Repeat the listing word for word. Leave every picture out.

• _DATA PROVIDED_:
::::

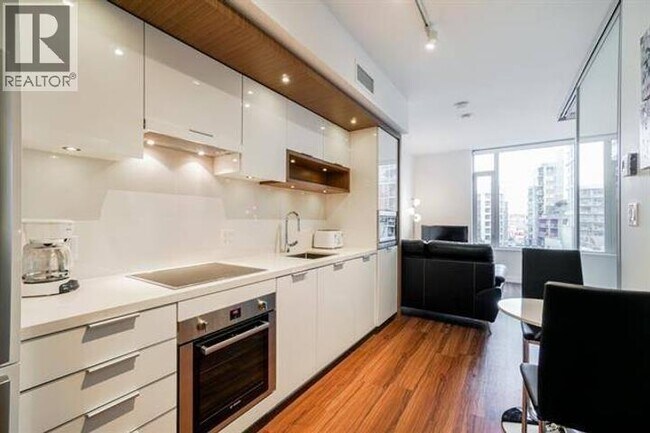 1661 Quebec St Unit 5xx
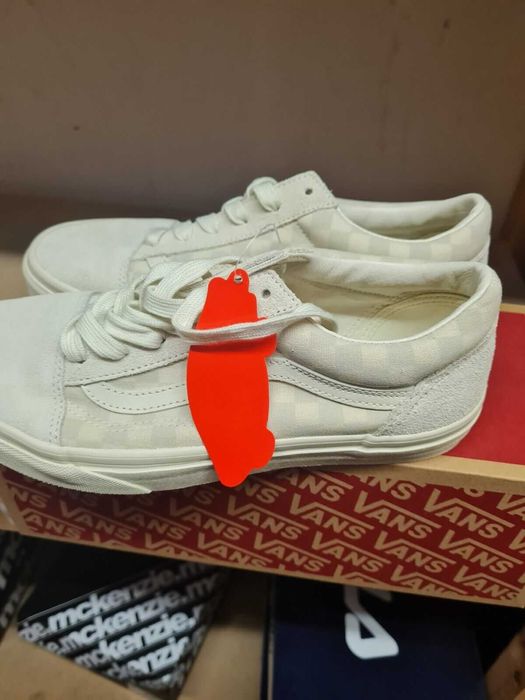 Нови бежови кецове VANS, 38 номер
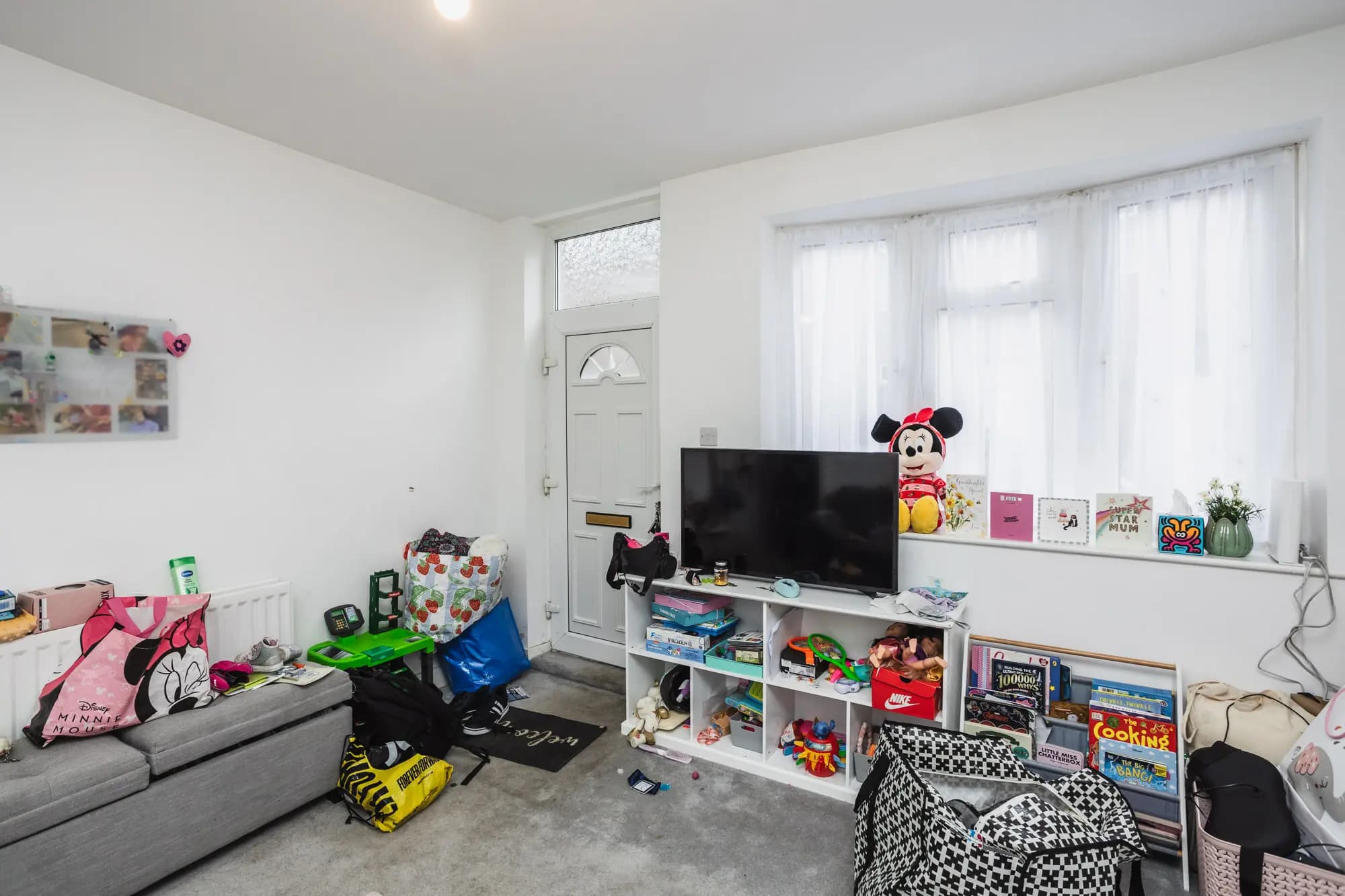 property photo 4 of 38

::::

• _OUTPUT BELOW_:
 1661 Quebec St Unit 5xx
 Нови бежови кецове VANS, 38 номер
 property photo 4 of 38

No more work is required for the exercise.